First, love. One of the show’s eleven themes looks at the importance of sacred places. To convey this, one wall features a transcribed email and phone correspondence in which a Muslim girl relates her pilgrimage to Mecca (hajj) to her sister. Her repeated invitation for her sibling to do likewise reminds us that such a journey of faith cannot be merely observed from a distance. Anyone acquainted with the effects of earnest piety within families will knowingly smile, or wince, at how the pilgrim suggests her sister follow suit in spite of other pressing concerns. Nevertheless, it personally conveys the concern that compels faith to make an invitation to others, which Christians can be increasingly hesitant to do in a time of cultural pluralism. Of course, such an example is particularly valuable in that it challenges our own practice of faith while informing us of the distinctive forms that another religion takes.
Next, mission.
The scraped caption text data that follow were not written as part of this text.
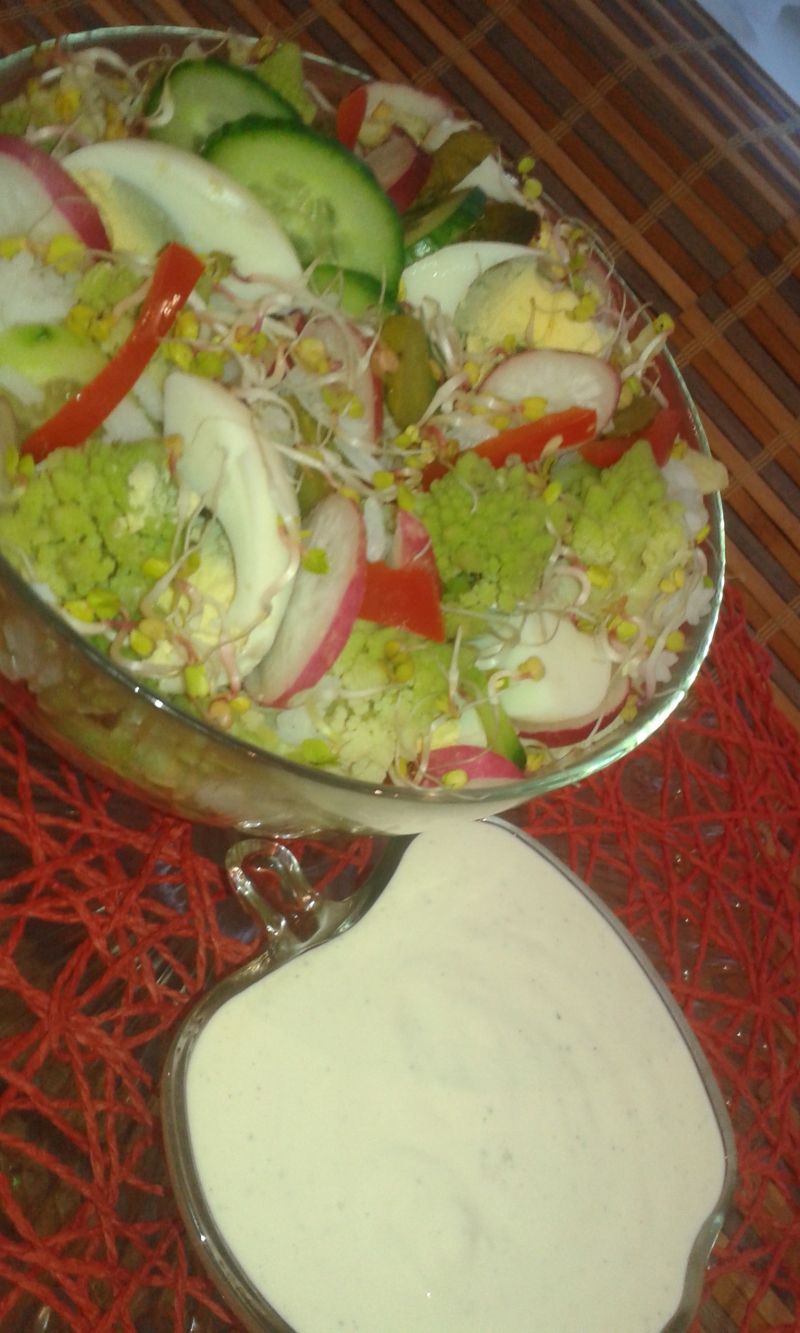 Sałatka z zielonego kalafiora z rzodkiewką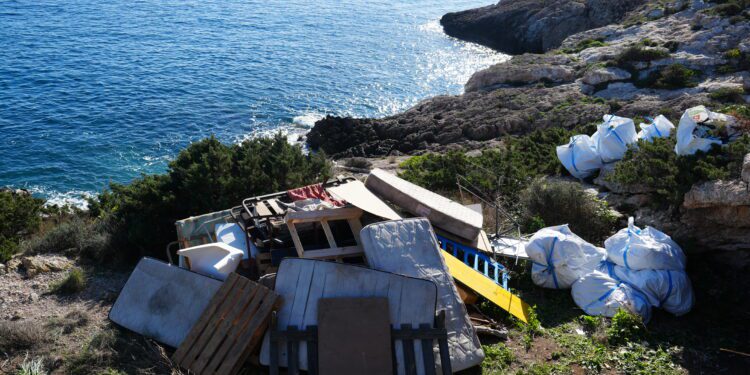 Algunas de las montañas de basura que se han retirado. / AE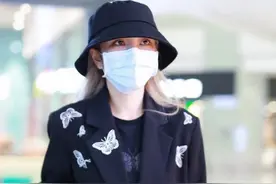 看惯了周扬青的网红自拍照，首次出现路人镜头下，暴露真实颜值图片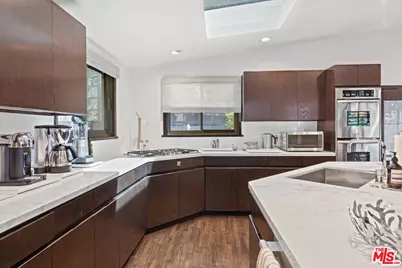 31833 Sea Level Dr, Malibu, CA 90265 - Photo 11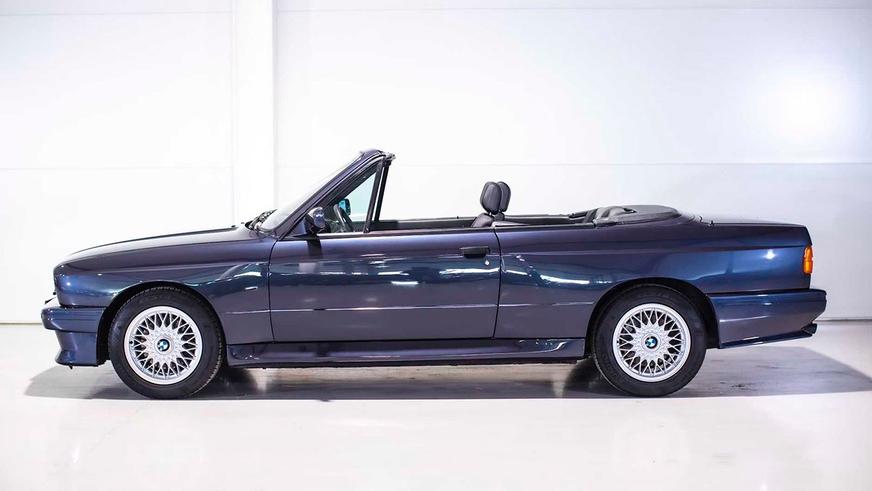 За пожилой кабриолет BMW (Е30) отдали почти 102 тысячи долларов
As a Christian visitor I was skeptical of the show’s claim to be an “insider’s look.” After all, Jesus taught that a certain perception was only possible through the waters of baptism: “no one can see the Kingdom of God unless they are born again.” While the true insider’s look may be untranslatable, though, the exhibit’s portrayals show great care and creativity in mediating the practices of faith to outsiders. This challenges the Christian to ask if her own witness strives to so public and thorough. This question is particularly sharp for the denomination that names itself after baptism, that Christian rite of passage our Lord commanded us to go and perform. Such performance was allied to teaching in the great commission, of course, reminding us to make it winsome and accessible to our neighbours.
There is an opportunity to do just that before leaving the exhibit. In one display, visitors are invited to offer their own hopes and fears on the afterlife through video or text. This takes on added urgency given the many misconceptions people have about what Christianity teaches on this theme. Unfortunately, the gallery itself repeats a common one with an uncharacteristically reductive statement that “for Christians, Muslims, and Jews, the soul is freed from the body to inhabit an eternal world.” To sharpen the effect of this (mis)representation, an affecting exhibit video of Mélanie, an Atheist, relays her disbelief that the soul and body are too closely linked in human personhood to be divided, leading her to the conclusion that they must expire together. It left me wondering if there is an “insider” somewhere, baptized body and soul in the hope of resurrection, ready to witness for more.
God(s): A User’s Guide runs December 2, 2011 to September 3, 2012 at the Canadian Museum of Civilization (Gatineau, QC).